There's a sense NZC is giving Ryder - who slammed 136 in 57 balls against Ireland for Otago this week - every chance but already know the outcome.
NZC wants Ryder subscribing to the team first ethos which has been embedded into the squad before they consider a return.
His last ODI was against India early this year before he was dumped out of the squad, along with Doug Bracewell, for late night misbehaviour.
However, McCullum spelled out his concerns to the Herald this week.
"No one's bigger than the team," McCullum said. "This team only works if we're all on the same page. Even one weak link is enough to derail the whole thing.

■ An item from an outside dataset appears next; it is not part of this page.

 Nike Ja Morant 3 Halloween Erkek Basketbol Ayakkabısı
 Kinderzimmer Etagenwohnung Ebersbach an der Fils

"Is representing New Zealand the best thing for Jesse moving forward? I don't know. Does the environment need Jesse and the distractions that come with him?
"Ultimately I'd love to see Jesse be desperate to represent his country and for it not to be about Jesse but what the team needs."

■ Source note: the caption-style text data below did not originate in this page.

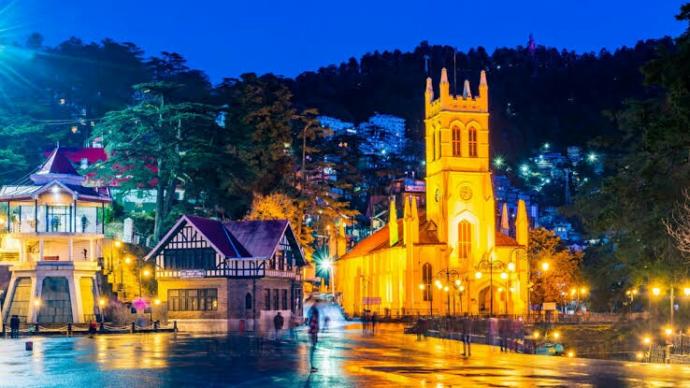 Would you all like to visit Shimla?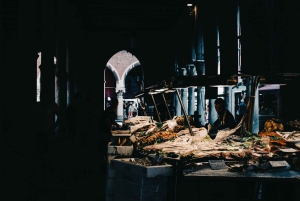 Venice: Walking Tour and Cooking Class with a Local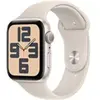 Montre connectée APPLE WATCH SE 44mm Lumière Stellaire M/L Cellular TU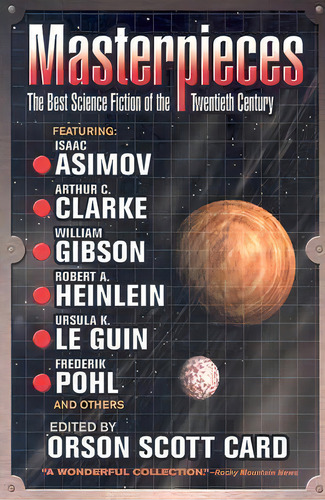 Masterpieces, De Orson Scott Card. Editorial Ace Books, Tapa Blanda En Inglés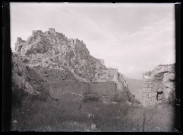 Forteresse, réduit royal de Kozan (Sis) (Turquie) (notice PA).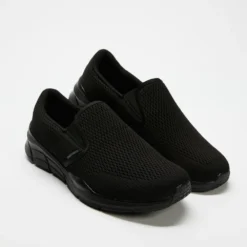 Outlet ❤️ Skechers Equalizer 4.0 Triple Play - Men's Black ❤️ -Mens Shoes Shop http3A2F2Fstatic.theiconic.com .au2Fp2Fskechers 4597 2711121 4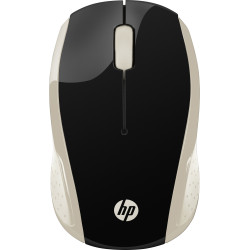 Souris sans fil HP 200 Soie d'or 2HU83AA 1er prix souris sans fil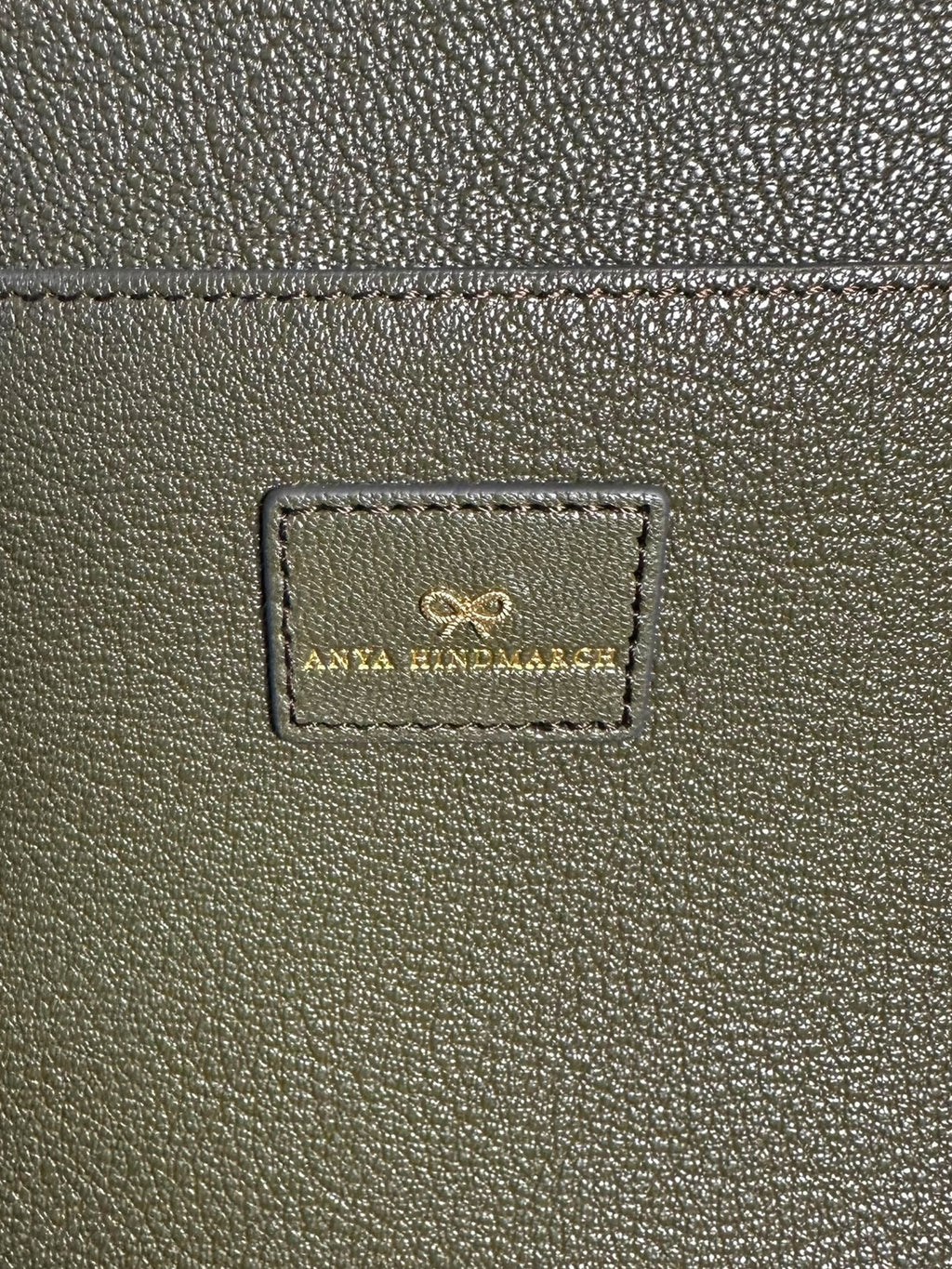 Woven Leather Neeson Tote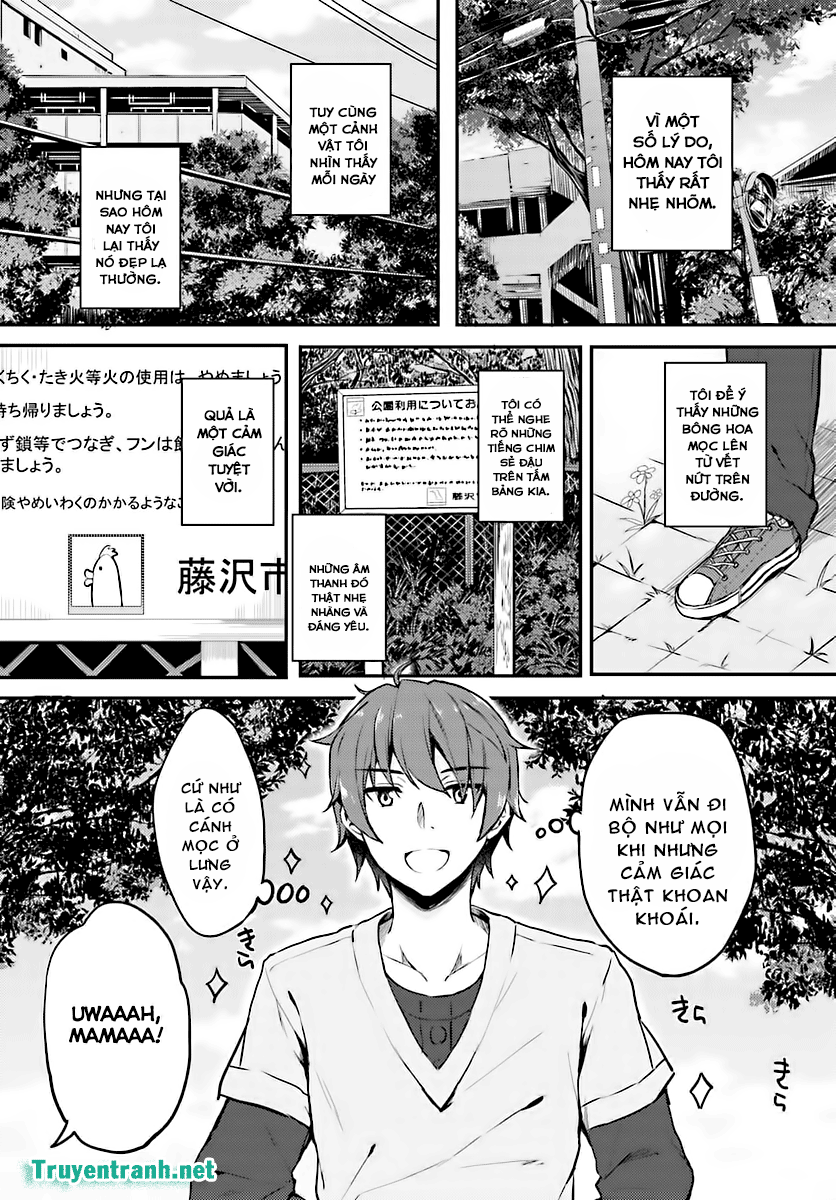 Seishun Buta Yarou Wa Bunny Girl Senpai No Yume O Minai Chapter 17 - Trang 2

McCullum admits he struggles to understand someone not being totally committed to representing his country. That may be the nub of the Ryder issue.
"Has he ever come out and said he's desperate to represent New Zealand? Do you want to play for New Zealand for yourself or because you want to be part of the team?
"It's a big difference," McCullum said.
McCullum is a fan of Ryder but the man who can think of nothing better than pulling on the silver fern is puzzled.
"I think I've got a very good relationship with him. I genuinely care for the guy.
"But there's some stuff I don't understand about this. This is your one opportunity to represent your country. It's supposed to be the best time of your life, playing international sport with your mates.
"I don't understand that you can't be totally committed to that. On his day Jesse is a very, very good cricketer. But there's probably 100 cricketers in this country who are desperate to represent New Zealand. I'd love Jesse to be one of them.
"But there's some non-negotiables which representing your country require. Doug has worked that out. Jesse? I'm not sure."
One thing: form isn't the point with Ryder.
"One thing we need to know is exactly his ambition and desire," Crocker said.
"Each individual is expected to put his team first in the way they play and prepare. Those principles are being explained to him."
If Ryder is not named to the UAE trip "it's getting reasonably unlikely" he would be considered for the World Cup, he added, "but it would be wrong to say that's definitive".